Re: Transcriptions of "Unicode"

From: Erik van der Poel (erik@netscape.com)
Date: Wed Dec 06 2000 - 17:29:22 EST


Yes, N6 will choose some fonts from the system for whatever characters
are in the document, whether transmitted in UTF-8 or not.

My point was that it does not use the Unicode character code to select
one of the "language groups" from the list that we have in the font
preferences dialog. The language group is selected by a LANG attribute,
if any, otherwise by the charset, if non-Unicode-based, otherwise the
user's locale's language.

Yes, I call it the "user's locale" because that's what it is on Unix
(basically).
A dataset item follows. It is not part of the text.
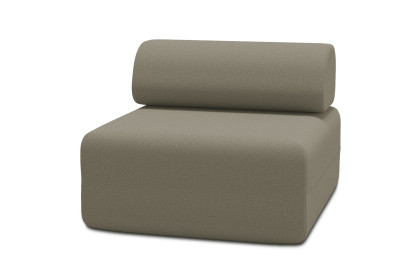 Fauteuil non convertible et modulable - Tissu lisse Taupe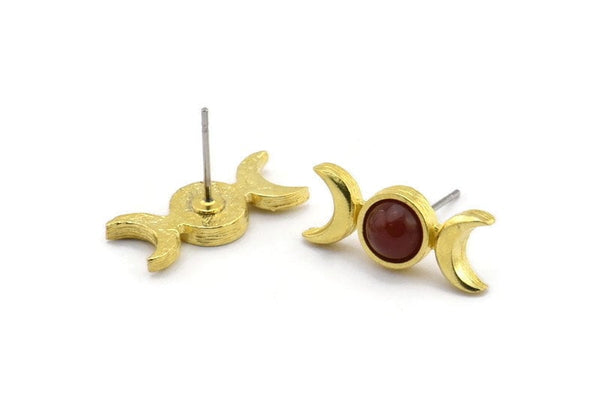 Brass Moon Earring, 4 Raw Brass Crescent Moon Stud Earrings - Pad Size 6mm (19x8mm) N1269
The user can set an environment variable called LANG for
each Unix process (but typically for all of them). On Windows, we just
use the system locale.

The font selection is indeed somewhat haphazard for CJK when there are
no LANG attributes and the charset doesn't tell us anything either, but
then, what do you expect in that situation anyway? I suppose we could
deduce that the language is Japanese for Hiragana and Katakana, but what
should we do about ideographs? Don't tell me the browser has to start
guessing the language for those characters. I've had enough of the
guessing game. We have been doing it for charsets for years, and it has
led to trouble that we can't back out of now. I think we need to draw
the line here, and tell Web page authors to mark their pages with LANG
attributes or with particular fonts, preferrably in style sheets.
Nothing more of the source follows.